§ Task description:
Within the listing, each line that has the string "Square" should be copied.

§ Material shown:
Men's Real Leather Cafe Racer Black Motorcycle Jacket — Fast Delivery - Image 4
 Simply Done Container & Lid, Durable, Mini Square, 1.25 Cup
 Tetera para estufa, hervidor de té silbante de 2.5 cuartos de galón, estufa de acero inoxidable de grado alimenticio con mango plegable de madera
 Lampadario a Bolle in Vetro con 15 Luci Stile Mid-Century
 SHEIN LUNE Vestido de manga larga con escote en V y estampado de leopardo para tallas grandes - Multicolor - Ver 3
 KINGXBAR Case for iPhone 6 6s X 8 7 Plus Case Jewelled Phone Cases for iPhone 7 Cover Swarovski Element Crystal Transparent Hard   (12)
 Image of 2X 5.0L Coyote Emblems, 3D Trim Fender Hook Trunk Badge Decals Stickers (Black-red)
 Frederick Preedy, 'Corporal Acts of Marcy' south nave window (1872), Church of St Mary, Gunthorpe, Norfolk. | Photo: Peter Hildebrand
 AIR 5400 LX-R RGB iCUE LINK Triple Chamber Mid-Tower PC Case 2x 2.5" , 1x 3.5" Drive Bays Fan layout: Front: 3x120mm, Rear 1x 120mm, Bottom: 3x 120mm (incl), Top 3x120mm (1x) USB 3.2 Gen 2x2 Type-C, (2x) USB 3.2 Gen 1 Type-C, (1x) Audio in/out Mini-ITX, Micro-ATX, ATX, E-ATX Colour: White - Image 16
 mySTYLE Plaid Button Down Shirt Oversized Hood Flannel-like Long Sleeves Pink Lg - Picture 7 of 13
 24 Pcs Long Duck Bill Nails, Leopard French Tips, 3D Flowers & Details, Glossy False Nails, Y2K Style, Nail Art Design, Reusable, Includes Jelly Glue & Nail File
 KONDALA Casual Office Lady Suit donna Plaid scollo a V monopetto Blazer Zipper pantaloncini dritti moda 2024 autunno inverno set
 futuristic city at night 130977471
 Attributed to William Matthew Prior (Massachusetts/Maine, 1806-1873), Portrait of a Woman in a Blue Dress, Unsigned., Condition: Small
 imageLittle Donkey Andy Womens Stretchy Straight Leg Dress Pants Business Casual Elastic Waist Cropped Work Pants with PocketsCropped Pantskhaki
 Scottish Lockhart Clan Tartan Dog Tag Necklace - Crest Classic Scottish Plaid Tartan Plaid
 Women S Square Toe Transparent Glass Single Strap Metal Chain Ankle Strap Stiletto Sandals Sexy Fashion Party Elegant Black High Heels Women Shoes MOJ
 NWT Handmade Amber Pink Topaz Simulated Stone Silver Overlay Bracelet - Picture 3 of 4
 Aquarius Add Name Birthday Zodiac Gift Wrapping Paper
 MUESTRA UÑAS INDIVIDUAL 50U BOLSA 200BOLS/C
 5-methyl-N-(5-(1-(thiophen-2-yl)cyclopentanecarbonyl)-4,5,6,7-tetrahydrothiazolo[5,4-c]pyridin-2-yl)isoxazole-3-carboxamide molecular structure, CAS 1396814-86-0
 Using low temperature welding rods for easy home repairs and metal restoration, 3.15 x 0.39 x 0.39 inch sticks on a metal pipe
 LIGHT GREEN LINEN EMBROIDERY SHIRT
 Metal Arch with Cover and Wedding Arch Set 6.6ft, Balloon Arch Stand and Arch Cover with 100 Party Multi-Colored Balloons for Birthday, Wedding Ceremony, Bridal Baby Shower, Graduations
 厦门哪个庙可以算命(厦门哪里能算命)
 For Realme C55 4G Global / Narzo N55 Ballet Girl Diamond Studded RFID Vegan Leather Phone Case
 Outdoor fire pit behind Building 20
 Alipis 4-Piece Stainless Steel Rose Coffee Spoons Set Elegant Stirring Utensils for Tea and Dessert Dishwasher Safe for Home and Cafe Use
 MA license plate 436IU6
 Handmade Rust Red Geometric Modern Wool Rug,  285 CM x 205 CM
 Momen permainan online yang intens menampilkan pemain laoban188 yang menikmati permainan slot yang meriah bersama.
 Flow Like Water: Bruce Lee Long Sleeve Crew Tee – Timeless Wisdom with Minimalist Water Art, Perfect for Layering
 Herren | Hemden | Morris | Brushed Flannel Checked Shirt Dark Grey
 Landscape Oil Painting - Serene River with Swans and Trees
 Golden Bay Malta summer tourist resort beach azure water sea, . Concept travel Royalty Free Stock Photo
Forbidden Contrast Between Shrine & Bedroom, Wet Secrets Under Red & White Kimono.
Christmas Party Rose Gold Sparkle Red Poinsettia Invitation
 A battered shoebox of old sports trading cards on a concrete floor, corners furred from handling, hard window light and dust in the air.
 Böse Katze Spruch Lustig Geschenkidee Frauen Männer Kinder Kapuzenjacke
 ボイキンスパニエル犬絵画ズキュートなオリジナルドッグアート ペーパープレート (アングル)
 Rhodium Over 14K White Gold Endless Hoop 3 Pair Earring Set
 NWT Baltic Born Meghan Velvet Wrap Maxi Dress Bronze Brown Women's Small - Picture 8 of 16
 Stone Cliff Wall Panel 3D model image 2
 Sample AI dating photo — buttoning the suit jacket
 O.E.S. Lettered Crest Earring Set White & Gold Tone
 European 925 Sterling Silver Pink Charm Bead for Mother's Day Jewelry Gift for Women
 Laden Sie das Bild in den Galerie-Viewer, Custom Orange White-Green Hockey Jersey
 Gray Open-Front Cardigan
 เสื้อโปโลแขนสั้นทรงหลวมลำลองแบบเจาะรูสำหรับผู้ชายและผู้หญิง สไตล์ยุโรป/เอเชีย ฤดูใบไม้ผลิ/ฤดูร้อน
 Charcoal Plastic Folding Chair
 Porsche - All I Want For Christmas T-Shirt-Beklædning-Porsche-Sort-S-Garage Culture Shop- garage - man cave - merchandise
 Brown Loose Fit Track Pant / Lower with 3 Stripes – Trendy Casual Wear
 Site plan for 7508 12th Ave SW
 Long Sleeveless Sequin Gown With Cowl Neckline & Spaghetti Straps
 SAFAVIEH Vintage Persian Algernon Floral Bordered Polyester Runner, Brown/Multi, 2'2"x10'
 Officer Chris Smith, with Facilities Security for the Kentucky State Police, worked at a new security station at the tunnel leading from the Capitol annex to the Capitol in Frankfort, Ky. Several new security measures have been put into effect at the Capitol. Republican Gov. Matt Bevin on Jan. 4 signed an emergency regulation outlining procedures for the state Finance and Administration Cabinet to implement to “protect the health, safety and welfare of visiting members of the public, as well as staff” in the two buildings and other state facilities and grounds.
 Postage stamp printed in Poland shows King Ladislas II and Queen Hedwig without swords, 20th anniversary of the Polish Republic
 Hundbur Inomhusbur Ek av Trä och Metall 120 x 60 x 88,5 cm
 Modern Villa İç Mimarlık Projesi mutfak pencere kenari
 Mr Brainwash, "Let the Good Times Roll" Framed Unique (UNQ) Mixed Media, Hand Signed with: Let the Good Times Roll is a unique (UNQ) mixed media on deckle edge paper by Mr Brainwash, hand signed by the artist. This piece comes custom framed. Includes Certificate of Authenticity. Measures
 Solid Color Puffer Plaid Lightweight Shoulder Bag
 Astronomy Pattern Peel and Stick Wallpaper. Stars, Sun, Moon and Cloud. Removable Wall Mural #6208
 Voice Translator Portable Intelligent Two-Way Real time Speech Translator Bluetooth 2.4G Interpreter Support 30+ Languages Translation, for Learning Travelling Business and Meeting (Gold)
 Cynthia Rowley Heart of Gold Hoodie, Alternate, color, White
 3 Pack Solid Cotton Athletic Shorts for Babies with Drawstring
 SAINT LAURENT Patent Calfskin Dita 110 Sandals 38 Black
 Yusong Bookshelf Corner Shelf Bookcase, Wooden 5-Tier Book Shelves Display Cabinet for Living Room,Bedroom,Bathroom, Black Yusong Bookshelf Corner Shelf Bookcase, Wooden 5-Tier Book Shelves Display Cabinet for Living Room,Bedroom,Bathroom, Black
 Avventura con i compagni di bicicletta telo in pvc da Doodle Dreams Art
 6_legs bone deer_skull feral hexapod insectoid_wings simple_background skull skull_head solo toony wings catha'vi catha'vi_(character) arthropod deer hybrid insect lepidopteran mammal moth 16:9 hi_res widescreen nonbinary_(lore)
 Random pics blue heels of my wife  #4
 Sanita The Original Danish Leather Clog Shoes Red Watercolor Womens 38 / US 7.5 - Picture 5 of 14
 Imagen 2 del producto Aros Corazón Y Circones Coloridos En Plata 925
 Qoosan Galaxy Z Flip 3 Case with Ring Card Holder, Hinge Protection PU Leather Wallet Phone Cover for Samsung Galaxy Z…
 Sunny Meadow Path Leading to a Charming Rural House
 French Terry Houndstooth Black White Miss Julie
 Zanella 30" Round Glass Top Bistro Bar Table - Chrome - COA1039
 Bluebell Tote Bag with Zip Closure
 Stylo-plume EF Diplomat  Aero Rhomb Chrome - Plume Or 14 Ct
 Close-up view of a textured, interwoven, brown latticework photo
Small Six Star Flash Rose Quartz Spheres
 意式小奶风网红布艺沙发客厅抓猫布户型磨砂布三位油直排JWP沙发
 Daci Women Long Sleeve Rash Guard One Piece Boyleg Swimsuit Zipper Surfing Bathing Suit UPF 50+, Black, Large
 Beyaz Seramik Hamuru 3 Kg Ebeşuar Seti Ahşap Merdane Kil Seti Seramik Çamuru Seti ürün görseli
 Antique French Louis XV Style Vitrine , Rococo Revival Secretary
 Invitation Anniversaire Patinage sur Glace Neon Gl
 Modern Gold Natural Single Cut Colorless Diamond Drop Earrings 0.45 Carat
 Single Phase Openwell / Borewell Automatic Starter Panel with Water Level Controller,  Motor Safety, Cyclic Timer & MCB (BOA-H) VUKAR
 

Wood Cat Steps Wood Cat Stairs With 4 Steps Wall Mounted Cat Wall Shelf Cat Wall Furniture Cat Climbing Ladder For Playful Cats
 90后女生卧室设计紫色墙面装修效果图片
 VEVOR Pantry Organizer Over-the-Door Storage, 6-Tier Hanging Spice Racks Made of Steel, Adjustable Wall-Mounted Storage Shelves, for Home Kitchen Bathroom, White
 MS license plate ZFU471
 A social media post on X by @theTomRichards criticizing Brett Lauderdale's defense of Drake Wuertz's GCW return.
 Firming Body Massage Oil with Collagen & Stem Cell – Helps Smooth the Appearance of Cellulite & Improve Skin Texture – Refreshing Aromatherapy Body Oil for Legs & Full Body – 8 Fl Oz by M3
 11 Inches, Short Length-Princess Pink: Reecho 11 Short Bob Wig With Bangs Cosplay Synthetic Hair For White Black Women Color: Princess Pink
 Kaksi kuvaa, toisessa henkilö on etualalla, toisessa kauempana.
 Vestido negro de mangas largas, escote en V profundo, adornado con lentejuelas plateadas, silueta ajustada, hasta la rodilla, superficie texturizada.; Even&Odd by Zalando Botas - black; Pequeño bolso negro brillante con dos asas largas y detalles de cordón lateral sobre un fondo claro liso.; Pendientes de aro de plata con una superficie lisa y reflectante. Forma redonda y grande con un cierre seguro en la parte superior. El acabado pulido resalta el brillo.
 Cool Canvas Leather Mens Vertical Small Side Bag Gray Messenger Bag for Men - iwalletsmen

§ Reply to the exercise:
 Simply Done Container & Lid, Durable, Mini Square, 1.25 Cup
 Women S Square Toe Transparent Glass Single Strap Metal Chain Ankle Strap Stiletto Sandals Sexy Fashion Party Elegant Black High Heels Women Shoes MOJ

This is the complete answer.